We saw kernel logs confirming this behavior:

Oct 28 08:25:54 nodeB kernel: IPv4: martian source 10.x.y.z from 10.a.b.c, on dev ens6

This confirmed that reverse path filtering was dropping packets, but this service’s hosts are configured to use loose mode—which allows for asymmetrical routing—so we did not expect these packets to get dropped. Loose mode should only drop packets if they’re not routable through any interface; a packet that arrives on the secondary ENI should be allowed even if its return route is on the primary ENI. (Strict mode, on the other hand, drops packets that can’t be routed back out through the interface on which they arrived.) Reverse path filtering was behaving as if it were in strict mode, when in fact it was in loose mode.

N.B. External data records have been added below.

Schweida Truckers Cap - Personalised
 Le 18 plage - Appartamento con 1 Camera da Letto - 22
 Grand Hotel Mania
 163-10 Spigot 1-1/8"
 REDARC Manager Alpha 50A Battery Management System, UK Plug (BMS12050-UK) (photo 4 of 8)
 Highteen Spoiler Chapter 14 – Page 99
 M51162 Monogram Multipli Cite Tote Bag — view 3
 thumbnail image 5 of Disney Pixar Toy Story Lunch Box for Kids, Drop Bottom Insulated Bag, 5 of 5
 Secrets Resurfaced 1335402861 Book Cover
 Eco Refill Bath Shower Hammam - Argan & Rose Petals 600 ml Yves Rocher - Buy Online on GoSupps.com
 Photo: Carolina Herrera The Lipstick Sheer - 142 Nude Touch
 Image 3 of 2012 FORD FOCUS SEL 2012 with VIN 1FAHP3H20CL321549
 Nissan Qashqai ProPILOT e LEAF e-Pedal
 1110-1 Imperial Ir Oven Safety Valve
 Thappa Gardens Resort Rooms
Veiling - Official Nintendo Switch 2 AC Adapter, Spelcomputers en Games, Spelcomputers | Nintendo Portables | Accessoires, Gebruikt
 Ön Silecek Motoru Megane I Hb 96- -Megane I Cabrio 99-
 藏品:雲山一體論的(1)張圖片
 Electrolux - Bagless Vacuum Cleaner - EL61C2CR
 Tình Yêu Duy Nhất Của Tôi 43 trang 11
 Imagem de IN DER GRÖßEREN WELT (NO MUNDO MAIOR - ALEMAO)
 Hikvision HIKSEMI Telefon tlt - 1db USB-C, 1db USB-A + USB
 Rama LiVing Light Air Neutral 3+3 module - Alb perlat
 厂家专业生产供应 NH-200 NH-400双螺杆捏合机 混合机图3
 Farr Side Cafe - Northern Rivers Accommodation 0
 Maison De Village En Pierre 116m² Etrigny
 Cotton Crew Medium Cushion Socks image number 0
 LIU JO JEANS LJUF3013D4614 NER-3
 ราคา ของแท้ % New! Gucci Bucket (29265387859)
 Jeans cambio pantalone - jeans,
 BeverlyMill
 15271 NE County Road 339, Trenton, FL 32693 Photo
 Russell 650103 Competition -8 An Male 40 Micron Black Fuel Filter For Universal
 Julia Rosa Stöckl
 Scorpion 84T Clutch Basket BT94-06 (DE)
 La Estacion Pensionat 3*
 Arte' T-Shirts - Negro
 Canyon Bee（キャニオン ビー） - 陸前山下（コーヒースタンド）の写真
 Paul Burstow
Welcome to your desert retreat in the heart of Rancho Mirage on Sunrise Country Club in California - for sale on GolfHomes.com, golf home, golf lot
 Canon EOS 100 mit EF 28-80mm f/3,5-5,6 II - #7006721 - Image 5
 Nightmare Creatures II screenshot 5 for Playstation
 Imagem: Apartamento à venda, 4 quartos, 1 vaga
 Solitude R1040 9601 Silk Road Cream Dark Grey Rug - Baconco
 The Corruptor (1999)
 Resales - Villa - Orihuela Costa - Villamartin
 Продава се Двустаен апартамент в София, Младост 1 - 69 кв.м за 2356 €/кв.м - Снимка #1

We didn’t understand the reason for this until after we’d closed the incident. We explored the kernel code that implements reverse path filtering, and we discovered that the RTNETLINK answers: Invalid cross-device link error—and the Martian packet log—were triggered by the return -EXDEV statement here:

	return -EXDEV;

Leading to that return statement, we found the last_resort condition, which checks the value of the rpf parameter (which is 2 in our case, representing loose mode):

	if (rpf)
		goto e_rpf;

But how did we get to last_resort? This test looked suspicious:

	if (no_addr)
		goto last_resort;

no_addr is set here:

no_addr = idev->ifa_list == NULL;

ifa_list contains the list of IPs associated with the device, but in our case ens6—the secondary ENI—does not have an IP address. We added an IP address (that was completely unrelated to the addresses we use in our network) to ens6 and tested again.

$ ip addr add dev ens6
$ ip route get 10.x.y.z from 10.a.b.c iif ens6
10.x.y.z from 10.a.b.c via 10.m.n.1 dev ens5
    cache iif ens6

This confirmed that reverse path filtering was behaving as expected only if the secondary ENI had an IP address assigned. This part of our investigation helped us understand why reverse path filtering was not behaving as expected, even though we could not explain why the no_addr check was written this way.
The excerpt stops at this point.